The realists and idealists sincerely oppose the ecological, social and/or human rights issues that can be associated with projects the Bank funds. These critics have battled over lending for dams, mining and extractive projects for more than 20 years. They do not argue whether the Bank has a legitimate role to play in developing countries; rather, they claim that in supporting certain projects, the Bank does not help to improve the plight of the poor as a whole.

The second group of World Bank opponents are ideologues and opportunists. The ideologues oppose the Bank on grounds that it is an agent of Western capitalism and Western governments. Opportunists are those who use the ideologues' arguments and rhetoric with the goal of gaining political or personal power.

On the whole, both the ideologues and opportunists frequently have stood with the realists and idealists, often (usually intentionally) becoming indistinguishable from them.

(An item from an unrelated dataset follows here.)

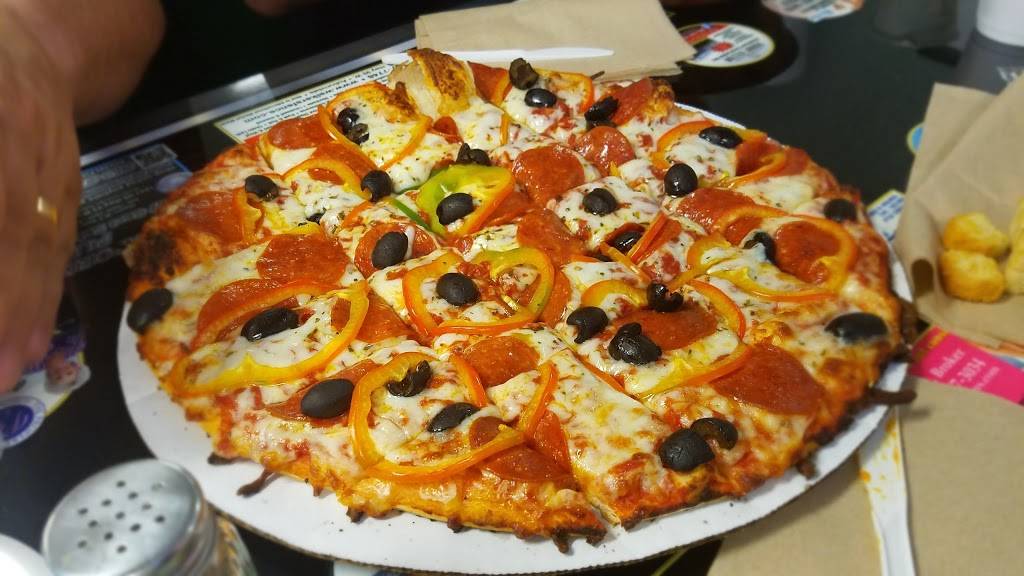 Pizza Connection | restaurant | 220 E Lake Ave, Auburndale, FL 33823, USA | 8639679349 OR +1 863-967-9349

But the key difference is that activists in this second group were only marginally concerned about the issues raised by Bank lending; their focus instead was either on the political and ideological implications of the bank's continued influence or on winning power for themselves.

In response to the increasing calls for change from both the idealist and ideological camps, the Bank, under former President James Wolfensohn, embarked on a series of reforms to address many of the social and environmental questions being raised.

Wolfensohn created departments that were staffed by career activists to work closely with NGOs on questions about the social and environmental implications of the Bank's lending. Activists were invited to participate in hearings, and their concerns began to be taken into consideration.

Once Wolfensohn's reforms took effect, government ministers seeking loans from the Bank were surprised by the details they were asked to provide about environmental and social implications of the project at issue.

These ministers learned the game: They had to work with credible NGOs on the ground and to win their support in order for the project to go forward quickly and easily. Without the consent of local, credible NGOs, the project would be subject to numerous reviews at the World Bank.

And though such reviews did not necessarily mean withdrawal of the Bank's funding, they could be expensive, time- consuming and, often, require changes to the project to address the same concerns NGOs would have raised.

In this environment, the ideological critics found themselves in a bind. Their decade- long criticisms over implications of Bank lending for environmental (or human rights or indigenous rights) issues were being addressed in practical terms.

The second group did not really want environmental and social impact statements so much as they wanted a platform for criticizing the institutions.

Thus, as the Bank surrendered to mainstream critics and acted on the issues at hand, the ideological activists turned to a more traditional, populist set of arguments.

Populist opposition was not hard to build.

In many countries, the World Bank is viewed as a vehicle of neoliberal imperialism, and saying that a project is a "World Bank project" can hurt the project's champions politically.

This was evident in the recent controversy over a paper mill in Uruguay, which was heavily criticized by Buenos Aires for the pollution it would bring to Argentina. The Argentineans made much of the fact that the paper mill was a Bank-funded project -- calling it a World Bank "operation."

While it is true that the Bank provided free consulting for the project, it was not a key player in its construction or operations. Still, the argument that it was Bank-supported became a significant part of the political battle over the mill.

Populist sentiments against the Bank climbed further when Paul Wolfowitz, a neoconservative with a reputation as an "architect of the Iraq war," was named as Wolfensohn's successor in 2005.

Wolfowitz has maintained the reforms that Wolfensohn put in place, and he continues to seek the support and guidance of NGOs. But ideological critics of the Bank have seized upon his background and current office as proof that the Bank is an aggressive, imperialistic instrument of Western, and particularly American, foreign policy.